Très au courant des intéressants travaux du Colonel de Rochas sur l’extériorisation de la sensibilité, il avait lui-même expérimenté à Tours, au Mans, à Lyon, ą Marseille, à Nancy, à Paris, dans nombre de groupes spirites (2).

Nul n’était donc plus qualifié, ą l’époque, pour entreprendre semblable tâche. Toutefois Léon Denis ne se faisait aucune illusion en écrivant ce livre. Il savait qu’il faudra longtemps encore revenir sur ces questions, accumuler des faits et des faits. C’est sous leur poids que la critique, enfin, cédera. Du moins, le franc succès qui accueillit cet essai de philosophie spiritualiste le paya-t-il amplement de son effort.

Les journaux et revues firent l’accueil le plus flatteur au nouvel ouvrage. Ed. Grimard, dans la Revue Spirite, le Dr. Bécour, dans la Vie nouvelle, en donnèrent un compte-rendu des plus élogieux.

Le Journal vantait le style éloquent, entraînant, lumineux de l’auteur.

« Nul n’écrit une langue aussi aisée, aussi simple, et d’une éloquence aussi persuasive et rayonnante. Tous ses écrits sont empreints d’une grande beauté morale. Ils élèvent et purifient, disait le Mercure de France en citant quelques pensées dont il soulignait la justesse et la profondeur. »
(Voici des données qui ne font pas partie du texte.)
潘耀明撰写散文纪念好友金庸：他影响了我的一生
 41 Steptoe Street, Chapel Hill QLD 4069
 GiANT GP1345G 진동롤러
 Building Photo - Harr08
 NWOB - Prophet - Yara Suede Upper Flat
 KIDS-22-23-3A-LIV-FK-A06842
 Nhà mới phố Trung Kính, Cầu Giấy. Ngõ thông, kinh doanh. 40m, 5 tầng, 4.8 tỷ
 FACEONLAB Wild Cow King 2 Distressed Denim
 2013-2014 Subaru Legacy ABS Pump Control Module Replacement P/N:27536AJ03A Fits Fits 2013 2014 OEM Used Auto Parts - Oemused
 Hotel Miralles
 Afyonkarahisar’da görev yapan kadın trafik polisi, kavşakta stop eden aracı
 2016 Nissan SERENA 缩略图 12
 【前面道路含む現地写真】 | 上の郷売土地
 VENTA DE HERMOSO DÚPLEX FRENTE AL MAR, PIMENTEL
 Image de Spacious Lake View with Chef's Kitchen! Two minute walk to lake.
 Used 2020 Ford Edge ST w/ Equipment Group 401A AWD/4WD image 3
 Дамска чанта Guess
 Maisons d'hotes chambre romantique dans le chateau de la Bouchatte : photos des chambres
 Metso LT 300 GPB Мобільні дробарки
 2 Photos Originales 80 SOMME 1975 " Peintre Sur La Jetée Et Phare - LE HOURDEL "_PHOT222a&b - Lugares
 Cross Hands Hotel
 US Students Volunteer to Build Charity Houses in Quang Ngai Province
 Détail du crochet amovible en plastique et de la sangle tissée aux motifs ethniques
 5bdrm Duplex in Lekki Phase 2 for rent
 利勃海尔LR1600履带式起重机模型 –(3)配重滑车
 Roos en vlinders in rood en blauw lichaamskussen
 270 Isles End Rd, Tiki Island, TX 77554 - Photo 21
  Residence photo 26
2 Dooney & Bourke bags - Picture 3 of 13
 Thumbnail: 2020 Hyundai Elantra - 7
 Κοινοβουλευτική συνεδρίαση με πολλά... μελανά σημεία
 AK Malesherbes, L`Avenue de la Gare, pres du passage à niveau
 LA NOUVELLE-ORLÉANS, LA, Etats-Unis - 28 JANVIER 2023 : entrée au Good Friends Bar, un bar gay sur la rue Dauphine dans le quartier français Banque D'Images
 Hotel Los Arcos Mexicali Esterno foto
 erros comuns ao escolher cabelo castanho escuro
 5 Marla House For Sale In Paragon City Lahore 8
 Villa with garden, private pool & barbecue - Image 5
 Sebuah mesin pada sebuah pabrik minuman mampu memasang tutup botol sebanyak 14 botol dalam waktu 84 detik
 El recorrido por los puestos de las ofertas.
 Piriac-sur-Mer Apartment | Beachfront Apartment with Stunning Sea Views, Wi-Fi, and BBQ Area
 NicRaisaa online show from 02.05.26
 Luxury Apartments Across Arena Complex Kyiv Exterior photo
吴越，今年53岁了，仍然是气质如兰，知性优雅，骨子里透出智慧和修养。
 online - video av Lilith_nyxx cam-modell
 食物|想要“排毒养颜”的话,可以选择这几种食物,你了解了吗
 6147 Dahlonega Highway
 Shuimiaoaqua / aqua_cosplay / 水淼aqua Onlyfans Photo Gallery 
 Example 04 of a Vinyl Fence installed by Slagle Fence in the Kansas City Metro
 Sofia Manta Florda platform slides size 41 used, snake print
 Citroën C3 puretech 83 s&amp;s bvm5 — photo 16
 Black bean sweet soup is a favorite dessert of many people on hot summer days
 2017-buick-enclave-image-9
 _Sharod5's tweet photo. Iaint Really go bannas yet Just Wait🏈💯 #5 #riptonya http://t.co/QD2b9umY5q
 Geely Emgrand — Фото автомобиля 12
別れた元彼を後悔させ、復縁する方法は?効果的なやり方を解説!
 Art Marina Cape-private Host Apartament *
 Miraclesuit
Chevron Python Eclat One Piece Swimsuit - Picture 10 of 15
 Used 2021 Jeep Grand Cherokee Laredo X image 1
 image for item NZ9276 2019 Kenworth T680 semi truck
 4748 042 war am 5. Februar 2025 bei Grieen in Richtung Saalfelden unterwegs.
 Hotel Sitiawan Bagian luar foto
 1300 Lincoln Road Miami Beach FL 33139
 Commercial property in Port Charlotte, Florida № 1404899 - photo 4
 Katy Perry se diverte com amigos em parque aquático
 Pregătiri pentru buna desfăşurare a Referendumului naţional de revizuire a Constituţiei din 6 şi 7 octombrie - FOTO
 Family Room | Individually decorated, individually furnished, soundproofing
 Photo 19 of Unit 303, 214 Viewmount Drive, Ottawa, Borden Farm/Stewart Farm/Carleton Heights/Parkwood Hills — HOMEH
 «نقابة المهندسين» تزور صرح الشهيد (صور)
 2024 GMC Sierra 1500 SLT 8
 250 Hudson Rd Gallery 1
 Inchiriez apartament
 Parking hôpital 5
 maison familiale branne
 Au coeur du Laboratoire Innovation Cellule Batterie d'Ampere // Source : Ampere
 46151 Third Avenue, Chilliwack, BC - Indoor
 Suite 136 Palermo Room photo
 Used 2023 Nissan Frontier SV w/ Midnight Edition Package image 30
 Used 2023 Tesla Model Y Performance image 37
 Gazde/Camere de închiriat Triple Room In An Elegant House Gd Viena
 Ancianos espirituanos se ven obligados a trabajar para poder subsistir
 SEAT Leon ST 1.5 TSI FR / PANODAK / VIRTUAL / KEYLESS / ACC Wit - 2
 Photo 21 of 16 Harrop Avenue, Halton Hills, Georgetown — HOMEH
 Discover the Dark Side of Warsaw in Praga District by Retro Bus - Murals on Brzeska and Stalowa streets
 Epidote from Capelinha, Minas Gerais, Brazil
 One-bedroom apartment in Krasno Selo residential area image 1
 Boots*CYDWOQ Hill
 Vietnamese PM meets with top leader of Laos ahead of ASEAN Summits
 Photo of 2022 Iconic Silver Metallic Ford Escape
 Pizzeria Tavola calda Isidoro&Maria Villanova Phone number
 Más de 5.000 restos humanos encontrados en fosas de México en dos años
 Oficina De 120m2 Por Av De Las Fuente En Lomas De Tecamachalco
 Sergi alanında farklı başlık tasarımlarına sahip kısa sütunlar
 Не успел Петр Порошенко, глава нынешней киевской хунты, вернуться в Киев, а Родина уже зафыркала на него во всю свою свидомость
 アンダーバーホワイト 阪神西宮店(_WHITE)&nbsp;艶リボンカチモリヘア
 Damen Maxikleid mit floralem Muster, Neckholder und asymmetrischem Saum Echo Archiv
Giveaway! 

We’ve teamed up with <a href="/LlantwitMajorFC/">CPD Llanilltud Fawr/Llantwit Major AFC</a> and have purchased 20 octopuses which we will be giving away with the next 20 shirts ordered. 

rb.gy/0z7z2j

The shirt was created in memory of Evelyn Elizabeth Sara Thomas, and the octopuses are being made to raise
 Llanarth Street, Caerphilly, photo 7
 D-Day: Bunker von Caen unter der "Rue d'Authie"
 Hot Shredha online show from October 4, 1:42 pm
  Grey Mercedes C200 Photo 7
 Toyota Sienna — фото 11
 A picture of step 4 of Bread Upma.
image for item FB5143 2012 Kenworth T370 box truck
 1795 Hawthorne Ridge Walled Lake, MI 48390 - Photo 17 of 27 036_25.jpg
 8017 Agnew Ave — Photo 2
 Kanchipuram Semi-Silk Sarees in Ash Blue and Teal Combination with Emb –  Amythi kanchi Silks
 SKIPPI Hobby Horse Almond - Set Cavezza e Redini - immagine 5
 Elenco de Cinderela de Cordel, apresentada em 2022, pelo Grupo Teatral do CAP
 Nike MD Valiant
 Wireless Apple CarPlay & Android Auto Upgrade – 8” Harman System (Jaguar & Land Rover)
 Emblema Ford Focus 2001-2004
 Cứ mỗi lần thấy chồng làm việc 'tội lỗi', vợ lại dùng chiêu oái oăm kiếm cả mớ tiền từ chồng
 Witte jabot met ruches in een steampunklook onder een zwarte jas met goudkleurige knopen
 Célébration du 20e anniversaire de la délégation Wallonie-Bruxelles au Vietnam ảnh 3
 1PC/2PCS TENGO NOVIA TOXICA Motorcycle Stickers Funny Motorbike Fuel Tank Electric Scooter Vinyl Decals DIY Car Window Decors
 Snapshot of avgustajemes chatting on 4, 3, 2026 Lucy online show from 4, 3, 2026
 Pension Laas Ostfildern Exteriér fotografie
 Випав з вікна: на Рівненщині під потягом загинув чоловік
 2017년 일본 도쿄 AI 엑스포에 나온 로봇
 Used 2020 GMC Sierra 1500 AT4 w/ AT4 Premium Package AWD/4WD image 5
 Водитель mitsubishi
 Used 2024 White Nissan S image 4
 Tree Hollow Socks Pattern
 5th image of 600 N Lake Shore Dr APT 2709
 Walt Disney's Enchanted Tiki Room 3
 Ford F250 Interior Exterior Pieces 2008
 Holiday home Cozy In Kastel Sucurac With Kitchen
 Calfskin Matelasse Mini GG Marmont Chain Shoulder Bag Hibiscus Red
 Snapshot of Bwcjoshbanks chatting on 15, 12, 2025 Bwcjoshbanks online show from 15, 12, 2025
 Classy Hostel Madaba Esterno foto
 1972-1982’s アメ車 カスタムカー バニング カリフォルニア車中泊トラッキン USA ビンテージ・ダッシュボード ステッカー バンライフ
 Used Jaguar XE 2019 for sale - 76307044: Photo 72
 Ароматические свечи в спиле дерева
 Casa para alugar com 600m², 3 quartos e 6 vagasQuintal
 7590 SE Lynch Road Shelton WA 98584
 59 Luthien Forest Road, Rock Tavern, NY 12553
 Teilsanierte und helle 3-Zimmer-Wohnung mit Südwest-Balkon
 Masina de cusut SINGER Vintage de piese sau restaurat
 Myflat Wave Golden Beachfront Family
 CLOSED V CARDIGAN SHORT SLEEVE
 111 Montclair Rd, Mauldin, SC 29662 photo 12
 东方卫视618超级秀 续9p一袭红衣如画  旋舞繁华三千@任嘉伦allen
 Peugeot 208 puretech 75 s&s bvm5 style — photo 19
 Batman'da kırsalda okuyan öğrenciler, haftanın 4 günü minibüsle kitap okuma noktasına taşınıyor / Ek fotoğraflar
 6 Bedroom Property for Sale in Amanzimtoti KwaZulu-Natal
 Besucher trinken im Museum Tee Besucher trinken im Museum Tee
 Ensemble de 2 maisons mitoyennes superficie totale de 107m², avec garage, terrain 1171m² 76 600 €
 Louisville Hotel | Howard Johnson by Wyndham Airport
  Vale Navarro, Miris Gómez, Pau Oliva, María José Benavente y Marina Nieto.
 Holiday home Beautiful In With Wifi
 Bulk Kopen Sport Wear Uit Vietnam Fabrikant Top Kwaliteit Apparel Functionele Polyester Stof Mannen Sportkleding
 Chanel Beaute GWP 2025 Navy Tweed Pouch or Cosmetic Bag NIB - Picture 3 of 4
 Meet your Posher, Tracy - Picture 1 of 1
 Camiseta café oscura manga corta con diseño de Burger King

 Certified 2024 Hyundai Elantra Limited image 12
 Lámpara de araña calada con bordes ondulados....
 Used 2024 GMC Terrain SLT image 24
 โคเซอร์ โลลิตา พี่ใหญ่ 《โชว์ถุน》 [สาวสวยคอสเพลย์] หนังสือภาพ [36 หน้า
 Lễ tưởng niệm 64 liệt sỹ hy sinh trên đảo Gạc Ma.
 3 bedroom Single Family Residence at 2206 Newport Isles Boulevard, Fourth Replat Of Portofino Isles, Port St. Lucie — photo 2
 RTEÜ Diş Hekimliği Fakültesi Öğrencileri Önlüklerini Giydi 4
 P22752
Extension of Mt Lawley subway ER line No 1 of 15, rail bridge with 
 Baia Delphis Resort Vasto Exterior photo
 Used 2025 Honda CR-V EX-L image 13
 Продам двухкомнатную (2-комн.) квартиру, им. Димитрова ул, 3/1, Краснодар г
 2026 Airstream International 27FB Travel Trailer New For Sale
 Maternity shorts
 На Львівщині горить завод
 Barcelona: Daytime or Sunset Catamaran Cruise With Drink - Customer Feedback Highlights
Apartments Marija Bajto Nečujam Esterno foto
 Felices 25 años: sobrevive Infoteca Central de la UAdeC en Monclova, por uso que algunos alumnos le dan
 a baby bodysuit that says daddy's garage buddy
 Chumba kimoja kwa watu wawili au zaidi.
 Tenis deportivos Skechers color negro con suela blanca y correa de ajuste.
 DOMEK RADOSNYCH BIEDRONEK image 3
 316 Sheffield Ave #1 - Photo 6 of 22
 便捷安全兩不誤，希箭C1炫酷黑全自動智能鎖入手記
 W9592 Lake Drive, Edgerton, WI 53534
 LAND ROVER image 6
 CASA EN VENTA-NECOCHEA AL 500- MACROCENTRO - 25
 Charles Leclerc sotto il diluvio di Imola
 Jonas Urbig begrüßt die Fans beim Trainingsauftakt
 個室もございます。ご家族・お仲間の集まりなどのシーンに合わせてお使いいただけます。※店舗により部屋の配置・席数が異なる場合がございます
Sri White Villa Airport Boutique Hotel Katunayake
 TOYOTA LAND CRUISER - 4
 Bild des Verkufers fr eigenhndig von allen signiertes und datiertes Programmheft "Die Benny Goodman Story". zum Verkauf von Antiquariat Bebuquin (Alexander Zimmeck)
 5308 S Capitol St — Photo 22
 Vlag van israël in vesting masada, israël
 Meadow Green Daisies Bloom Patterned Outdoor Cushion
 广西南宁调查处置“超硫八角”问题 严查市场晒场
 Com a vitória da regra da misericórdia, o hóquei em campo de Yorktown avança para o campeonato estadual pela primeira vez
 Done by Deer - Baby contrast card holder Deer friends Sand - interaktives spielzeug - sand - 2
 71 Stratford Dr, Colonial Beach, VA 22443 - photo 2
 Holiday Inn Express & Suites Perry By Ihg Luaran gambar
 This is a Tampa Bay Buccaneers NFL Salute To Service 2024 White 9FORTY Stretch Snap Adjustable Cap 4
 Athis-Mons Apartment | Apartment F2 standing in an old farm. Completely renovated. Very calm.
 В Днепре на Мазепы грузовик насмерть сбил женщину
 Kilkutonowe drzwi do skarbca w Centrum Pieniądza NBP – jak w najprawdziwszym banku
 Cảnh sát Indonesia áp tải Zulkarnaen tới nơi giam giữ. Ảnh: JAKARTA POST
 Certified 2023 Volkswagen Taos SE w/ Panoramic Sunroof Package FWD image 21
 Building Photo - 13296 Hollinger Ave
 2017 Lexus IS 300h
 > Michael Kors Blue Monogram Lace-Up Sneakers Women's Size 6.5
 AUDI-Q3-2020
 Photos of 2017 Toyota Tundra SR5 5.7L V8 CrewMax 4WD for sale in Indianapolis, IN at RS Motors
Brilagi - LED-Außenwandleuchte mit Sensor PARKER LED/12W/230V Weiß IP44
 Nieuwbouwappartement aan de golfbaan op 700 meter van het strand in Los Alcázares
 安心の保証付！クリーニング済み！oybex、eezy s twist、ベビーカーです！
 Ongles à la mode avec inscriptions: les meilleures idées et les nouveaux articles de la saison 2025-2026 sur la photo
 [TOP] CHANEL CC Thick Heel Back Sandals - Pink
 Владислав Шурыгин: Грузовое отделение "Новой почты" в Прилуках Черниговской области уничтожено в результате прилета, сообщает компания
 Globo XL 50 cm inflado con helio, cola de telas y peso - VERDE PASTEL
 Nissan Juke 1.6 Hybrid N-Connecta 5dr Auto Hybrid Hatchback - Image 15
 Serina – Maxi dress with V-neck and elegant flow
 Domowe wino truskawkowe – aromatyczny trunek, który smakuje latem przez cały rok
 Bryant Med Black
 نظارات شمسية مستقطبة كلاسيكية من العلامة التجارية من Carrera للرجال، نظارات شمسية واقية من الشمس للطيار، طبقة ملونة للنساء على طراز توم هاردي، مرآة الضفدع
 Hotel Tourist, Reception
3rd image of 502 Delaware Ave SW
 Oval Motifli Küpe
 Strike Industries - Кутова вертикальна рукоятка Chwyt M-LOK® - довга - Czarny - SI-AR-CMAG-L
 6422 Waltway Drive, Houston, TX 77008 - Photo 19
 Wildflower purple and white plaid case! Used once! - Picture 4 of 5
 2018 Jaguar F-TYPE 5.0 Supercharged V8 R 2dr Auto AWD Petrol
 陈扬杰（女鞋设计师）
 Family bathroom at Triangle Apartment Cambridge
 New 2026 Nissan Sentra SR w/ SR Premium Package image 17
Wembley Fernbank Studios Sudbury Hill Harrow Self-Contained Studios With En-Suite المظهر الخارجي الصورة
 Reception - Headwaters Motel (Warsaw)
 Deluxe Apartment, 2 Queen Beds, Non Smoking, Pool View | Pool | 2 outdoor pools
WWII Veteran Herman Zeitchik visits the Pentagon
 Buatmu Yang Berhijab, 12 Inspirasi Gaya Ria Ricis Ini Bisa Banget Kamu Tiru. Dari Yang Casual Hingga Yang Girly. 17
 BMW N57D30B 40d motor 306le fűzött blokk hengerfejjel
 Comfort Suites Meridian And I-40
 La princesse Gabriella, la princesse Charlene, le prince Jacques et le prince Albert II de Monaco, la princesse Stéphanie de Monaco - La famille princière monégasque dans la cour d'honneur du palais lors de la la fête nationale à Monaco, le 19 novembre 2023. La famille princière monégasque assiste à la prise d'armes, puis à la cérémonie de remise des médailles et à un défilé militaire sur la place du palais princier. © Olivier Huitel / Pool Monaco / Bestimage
Même accueil à l’Echo de Paris.

« Tous voudront lire ces pages d’une science et d’une philosophie profondes quoique accessibles aux plus simples intelligences. Ajoutons que la netteté des idées, le coloris du style, la beauté de la forme et la logique des déductions en font à la fois un régal pour l’esprit, un réconfort pour la raison, une joie exquise pour le cœur. »

 
 


 

Bibliographie

 

(1) Gaston Luce dans son œuvre « Léon Denis – L’Apôtre du Spiritisme – Sa vie – Son œuvre. »

(2) Voir « Dans l’Invisible », p. 313 – Le problème de l’être et de la destinée ; p. 263.